Your task: Take the records below from their first line to the line with "Image of BENTOBEN", and restate those lines word for word.

[Collected data entries]

━━━━━━━━━━

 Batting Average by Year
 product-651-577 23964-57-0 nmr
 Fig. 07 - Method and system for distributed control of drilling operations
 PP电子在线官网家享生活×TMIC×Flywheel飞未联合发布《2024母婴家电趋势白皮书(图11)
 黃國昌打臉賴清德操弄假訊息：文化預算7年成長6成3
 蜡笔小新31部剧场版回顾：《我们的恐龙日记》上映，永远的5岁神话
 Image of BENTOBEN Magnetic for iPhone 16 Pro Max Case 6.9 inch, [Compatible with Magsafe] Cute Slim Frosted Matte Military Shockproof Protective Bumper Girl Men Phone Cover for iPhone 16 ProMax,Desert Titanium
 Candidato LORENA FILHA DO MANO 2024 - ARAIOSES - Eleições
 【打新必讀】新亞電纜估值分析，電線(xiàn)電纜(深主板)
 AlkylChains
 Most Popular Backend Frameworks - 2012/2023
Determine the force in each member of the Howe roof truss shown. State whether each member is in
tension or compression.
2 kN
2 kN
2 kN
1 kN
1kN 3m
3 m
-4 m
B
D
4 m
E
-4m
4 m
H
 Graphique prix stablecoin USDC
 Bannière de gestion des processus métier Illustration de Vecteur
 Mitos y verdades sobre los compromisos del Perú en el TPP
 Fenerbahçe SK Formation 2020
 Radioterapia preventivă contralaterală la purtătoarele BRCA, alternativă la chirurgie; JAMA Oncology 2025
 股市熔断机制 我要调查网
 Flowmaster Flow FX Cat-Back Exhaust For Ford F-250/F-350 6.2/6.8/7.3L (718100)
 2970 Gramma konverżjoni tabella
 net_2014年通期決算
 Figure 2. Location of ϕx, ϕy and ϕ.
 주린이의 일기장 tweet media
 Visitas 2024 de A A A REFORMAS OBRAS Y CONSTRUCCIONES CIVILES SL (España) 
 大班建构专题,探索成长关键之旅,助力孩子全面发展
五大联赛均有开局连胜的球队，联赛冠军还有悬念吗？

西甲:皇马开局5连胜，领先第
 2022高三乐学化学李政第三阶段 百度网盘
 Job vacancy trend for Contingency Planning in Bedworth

━━━━━━━━━━

Completed task:
 Batting Average by Year
 product-651-577 23964-57-0 nmr
 Fig. 07 - Method and system for distributed control of drilling operations
 PP电子在线官网家享生活×TMIC×Flywheel飞未联合发布《2024母婴家电趋势白皮书(图11)
 黃國昌打臉賴清德操弄假訊息：文化預算7年成長6成3
 蜡笔小新31部剧场版回顾：《我们的恐龙日记》上映，永远的5岁神话
 Image of BENTOBEN Magnetic for iPhone 16 Pro Max Case 6.9 inch, [Compatible with Magsafe] Cute Slim Frosted Matte Military Shockproof Protective Bumper Girl Men Phone Cover for iPhone 16 ProMax,Desert Titanium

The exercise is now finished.